Consolidated Financial Results

The following is a summary of the consolidated financial results for the three months ended March 31, 2018. RevPAR, ADR and occupancy for 2018 and 2017 are based on hotels owned as of March 31, 2018 ($ in millions, except per share, RevPAR, ADR, occupancy and margins):

 

  Three Months Ended

March 31,

2018   2017
Net income

$2.9

$4.6
Diluted net income per common share

$0.06

$0.12
RevPAR

$122

$125
ADR

$162

$164
Occupancy

76%

77%
Adjusted EBITDA

$26.4

$28.1
GOP Margin

44.4%

47.0%
Hotel EBITDA Margin

36.3%

39.9%
AFFO

$16.5

$18.1
AFFO per diluted share

$0.36

$0.47
Dividends per share

$0.33

$0.33

 

Operating Results

“We were facing tough RevPAR comparisons in several of our key markets versus last year, and our guidance reflected that,” stated Jeffrey H. Fisher, Chatham’s president and chief executive officer. “In the 2017 first quarter, our four Houston hotels excelled from hosting the Super Bowl, our three Washington D.C. hotels benefitted from the inauguration and related events and were hurt this year due to the temporary government shutdown, and our four Silicon Valley hotels had some large corporate business that shifted from the first quarter last year into the second quarter this year. Our portfolio RevPAR is forecast to increase approximately 3 percent in April.”

First quarter RevPAR performance for certain key markets:

  • Florida hotels saw RevPAR rise 6.6 percent, benefitting from a combination of hurricane-related demand and increased inbound travelers favoring Florida.
  • Silicon Valley RevPAR declined 5.1 percent to $177.
  • Two Los Angeles-area hotels experienced a RevPAR increase of 4.3 percent.
  • RevPAR declined 7.0 percent at its four Houston hotels (2017 Super Bowl).
  • RevPAR at the company’s three Washington D.C. hotels decreased 3.5 percent (2017 inauguration).

“Unlike prior cycles, new supply this cycle has been focused in directly competitive brands in harder-to-build locations in the top-25 markets, where many of our hotels are located, but as we have previously commented, demand growth also been strong, minimizing the impact,” Fisher commented. “As we fully absorb this new supply in the near future, our hotels are poised to perform well. In markets where the impact of new supply is waning, such as Westchester County, N.Y. where we have two hotels, Brentwood, Tenn., and downtown San Diego, RevPAR grew in a range of 7-22 percent. Other strong markets for us where RevPAR grew more than 5 percent during the quarter were Exeter, N.H., Marina Del Rey, Calif., Farmington, Conn., Bloomington, Minn., Dedham, Mass., and Washington, Pa.”
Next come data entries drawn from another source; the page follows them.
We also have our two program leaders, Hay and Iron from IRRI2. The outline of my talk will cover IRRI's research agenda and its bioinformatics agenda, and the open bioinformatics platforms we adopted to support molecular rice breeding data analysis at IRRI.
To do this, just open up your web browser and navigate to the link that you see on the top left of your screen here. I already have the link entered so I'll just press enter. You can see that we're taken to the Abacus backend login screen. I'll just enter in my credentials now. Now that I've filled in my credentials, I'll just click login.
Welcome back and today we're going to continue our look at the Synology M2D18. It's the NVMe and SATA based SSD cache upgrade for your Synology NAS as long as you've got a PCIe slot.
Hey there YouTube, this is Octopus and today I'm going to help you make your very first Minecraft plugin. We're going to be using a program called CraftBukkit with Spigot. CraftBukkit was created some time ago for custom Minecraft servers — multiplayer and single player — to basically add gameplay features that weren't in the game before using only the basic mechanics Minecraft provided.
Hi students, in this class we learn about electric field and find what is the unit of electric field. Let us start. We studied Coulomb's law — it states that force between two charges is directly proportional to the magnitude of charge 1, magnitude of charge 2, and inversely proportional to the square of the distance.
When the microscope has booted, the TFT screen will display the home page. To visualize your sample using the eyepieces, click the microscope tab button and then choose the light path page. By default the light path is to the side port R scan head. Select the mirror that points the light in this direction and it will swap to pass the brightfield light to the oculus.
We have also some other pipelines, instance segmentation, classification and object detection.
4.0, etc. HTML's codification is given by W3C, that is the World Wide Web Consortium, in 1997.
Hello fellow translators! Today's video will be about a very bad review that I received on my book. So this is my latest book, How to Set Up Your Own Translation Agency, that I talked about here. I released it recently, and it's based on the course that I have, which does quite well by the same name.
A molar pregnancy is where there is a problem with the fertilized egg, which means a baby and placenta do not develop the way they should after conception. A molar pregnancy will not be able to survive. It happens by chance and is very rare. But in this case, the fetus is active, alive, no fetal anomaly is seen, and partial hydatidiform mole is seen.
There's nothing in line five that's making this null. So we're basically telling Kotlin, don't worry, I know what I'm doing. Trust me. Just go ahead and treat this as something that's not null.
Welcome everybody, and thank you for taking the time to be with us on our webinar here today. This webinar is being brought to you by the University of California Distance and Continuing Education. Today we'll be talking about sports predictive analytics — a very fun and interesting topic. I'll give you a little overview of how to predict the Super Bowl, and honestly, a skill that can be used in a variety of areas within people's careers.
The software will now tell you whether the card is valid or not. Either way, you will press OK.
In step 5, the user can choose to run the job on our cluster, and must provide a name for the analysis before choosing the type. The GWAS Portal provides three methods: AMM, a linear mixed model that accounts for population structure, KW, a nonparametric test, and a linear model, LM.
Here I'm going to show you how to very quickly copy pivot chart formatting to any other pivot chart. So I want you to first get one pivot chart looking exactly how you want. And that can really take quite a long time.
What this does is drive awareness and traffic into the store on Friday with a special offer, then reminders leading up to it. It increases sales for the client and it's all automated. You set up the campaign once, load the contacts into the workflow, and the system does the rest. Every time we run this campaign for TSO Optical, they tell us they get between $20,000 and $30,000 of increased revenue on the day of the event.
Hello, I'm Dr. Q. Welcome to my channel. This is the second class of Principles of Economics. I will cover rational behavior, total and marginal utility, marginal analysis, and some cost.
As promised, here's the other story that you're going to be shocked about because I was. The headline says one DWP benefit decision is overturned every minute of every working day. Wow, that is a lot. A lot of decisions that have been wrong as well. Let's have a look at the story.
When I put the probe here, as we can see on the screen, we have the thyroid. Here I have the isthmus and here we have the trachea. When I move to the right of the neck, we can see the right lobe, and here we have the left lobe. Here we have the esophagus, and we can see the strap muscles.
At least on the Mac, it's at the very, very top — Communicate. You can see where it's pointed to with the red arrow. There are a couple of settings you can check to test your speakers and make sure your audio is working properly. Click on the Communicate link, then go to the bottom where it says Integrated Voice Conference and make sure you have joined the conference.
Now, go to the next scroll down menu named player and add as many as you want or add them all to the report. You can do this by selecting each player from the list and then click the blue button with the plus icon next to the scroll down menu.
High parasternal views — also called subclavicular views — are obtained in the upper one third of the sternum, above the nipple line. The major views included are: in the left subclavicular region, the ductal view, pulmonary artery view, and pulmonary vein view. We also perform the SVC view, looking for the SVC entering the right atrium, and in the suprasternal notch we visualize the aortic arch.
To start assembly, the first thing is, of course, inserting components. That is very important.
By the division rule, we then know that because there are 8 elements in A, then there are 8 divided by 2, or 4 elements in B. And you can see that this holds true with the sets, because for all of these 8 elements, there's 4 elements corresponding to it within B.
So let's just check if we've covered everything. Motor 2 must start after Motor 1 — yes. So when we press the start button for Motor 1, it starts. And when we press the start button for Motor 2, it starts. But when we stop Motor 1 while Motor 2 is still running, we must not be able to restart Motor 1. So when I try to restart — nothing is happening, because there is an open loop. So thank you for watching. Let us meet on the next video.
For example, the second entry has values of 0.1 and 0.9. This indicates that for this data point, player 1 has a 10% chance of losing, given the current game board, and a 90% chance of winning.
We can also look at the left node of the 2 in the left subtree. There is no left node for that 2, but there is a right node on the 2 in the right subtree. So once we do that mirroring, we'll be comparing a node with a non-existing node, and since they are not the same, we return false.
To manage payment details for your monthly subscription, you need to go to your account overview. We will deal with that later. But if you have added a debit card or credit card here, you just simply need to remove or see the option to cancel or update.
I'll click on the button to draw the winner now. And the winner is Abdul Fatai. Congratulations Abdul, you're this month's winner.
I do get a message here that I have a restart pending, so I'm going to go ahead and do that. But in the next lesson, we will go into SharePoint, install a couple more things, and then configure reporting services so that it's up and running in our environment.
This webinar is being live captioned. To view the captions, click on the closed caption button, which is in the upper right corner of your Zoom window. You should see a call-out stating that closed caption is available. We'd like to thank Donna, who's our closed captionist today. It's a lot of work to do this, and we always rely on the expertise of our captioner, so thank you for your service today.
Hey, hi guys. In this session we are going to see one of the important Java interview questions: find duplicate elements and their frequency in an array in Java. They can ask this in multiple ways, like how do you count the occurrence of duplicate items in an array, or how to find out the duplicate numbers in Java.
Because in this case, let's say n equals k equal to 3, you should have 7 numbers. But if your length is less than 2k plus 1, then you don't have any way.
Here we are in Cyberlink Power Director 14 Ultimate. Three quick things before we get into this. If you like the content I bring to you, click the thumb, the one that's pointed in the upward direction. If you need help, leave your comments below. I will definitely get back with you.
Gross operating profit margins were down 260 basis points compared to the 2017 first quarter. Key measures impacting margins at our 36 comparable hotels were:

  • Payroll and benefit costs increased 7.4 percent and reduced margins by 170 basis points.
  • Weather related increases for utilities, snow removal and maintenance costs reduced margins by 60 basis points.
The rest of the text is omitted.